## Task goal
Give the data again exactly as written, skipping any pictures.

## Information provided
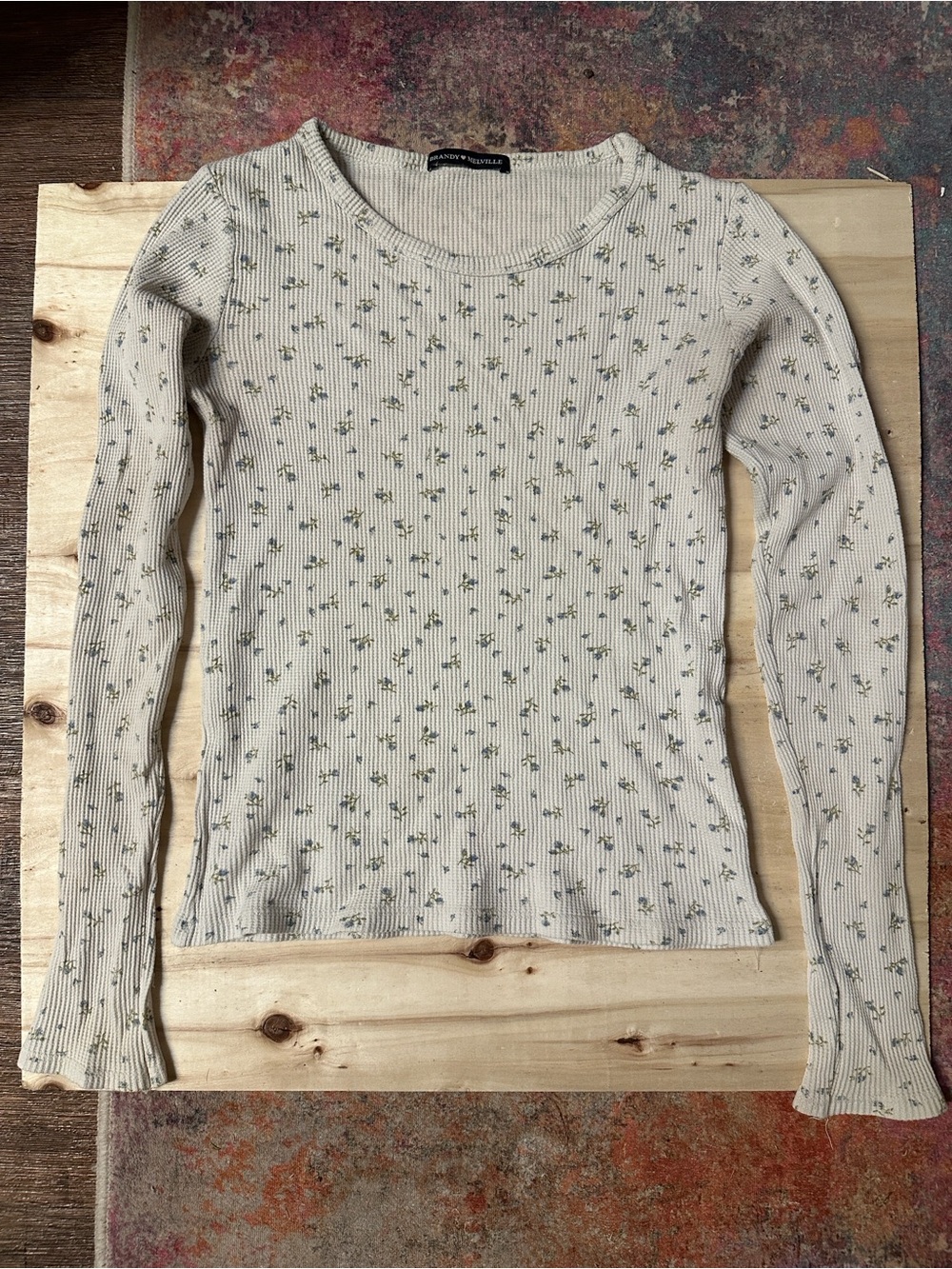 Off-White Floral Brandy Melville Sweater Top
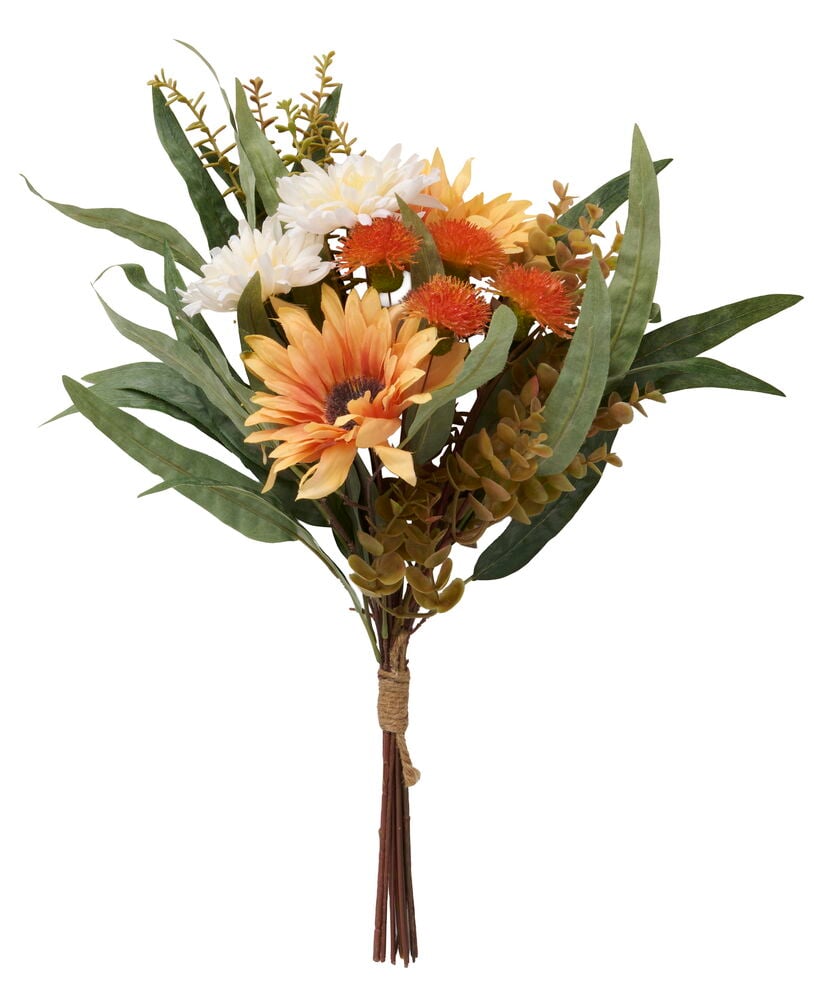 Blumenstrauß Golden Harvest Realistische Schnittblumen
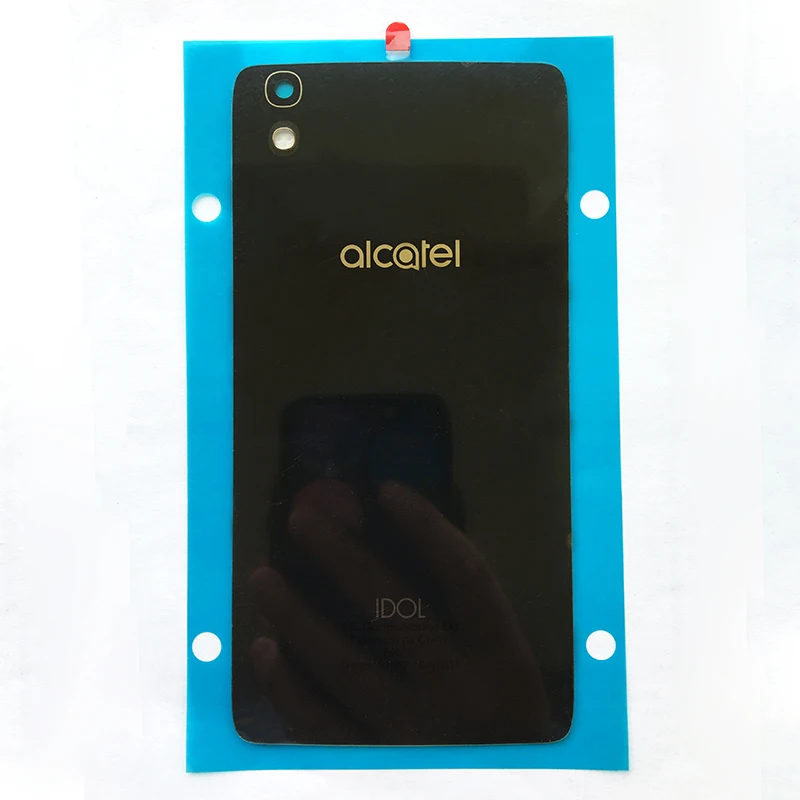 For Alcatel One Touch Idol 4 6055 OT6055 6055K 6055B 6055Y New Glass Rear Housing Battery Cover Back Case Housing With Logo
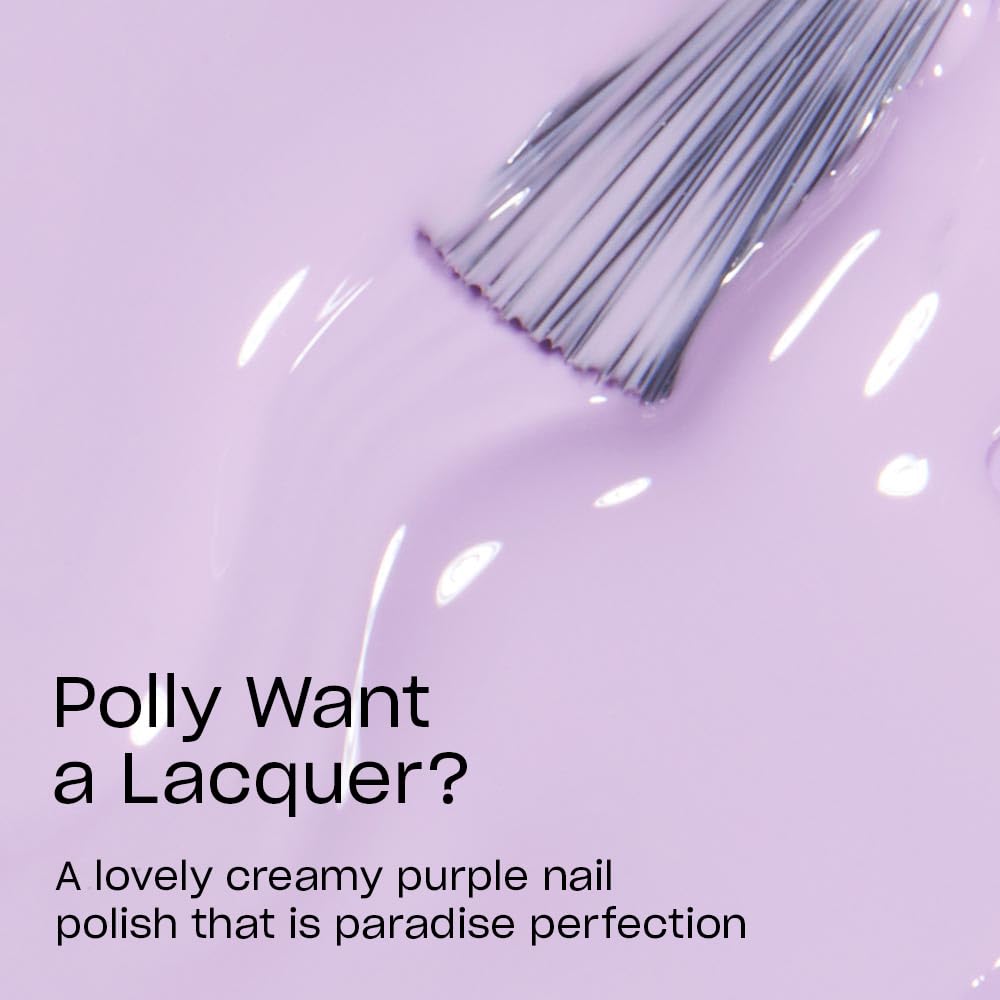 OPI Nail Lacquer Polly Want a Lacquer? | Opaque Soft Purple Crème Chip Resistant Nail Polish | Fiji Collection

## Reply
 Off-White Floral Brandy Melville Sweater Top
 Blumenstrauß Golden Harvest Realistische Schnittblumen
 For Alcatel One Touch Idol 4 6055 OT6055 6055K 6055B 6055Y New Glass Rear Housing Battery Cover Back Case Housing With Logo
 OPI Nail Lacquer Polly Want a Lacquer? | Opaque Soft Purple Crème Chip Resistant Nail Polish | Fiji Collection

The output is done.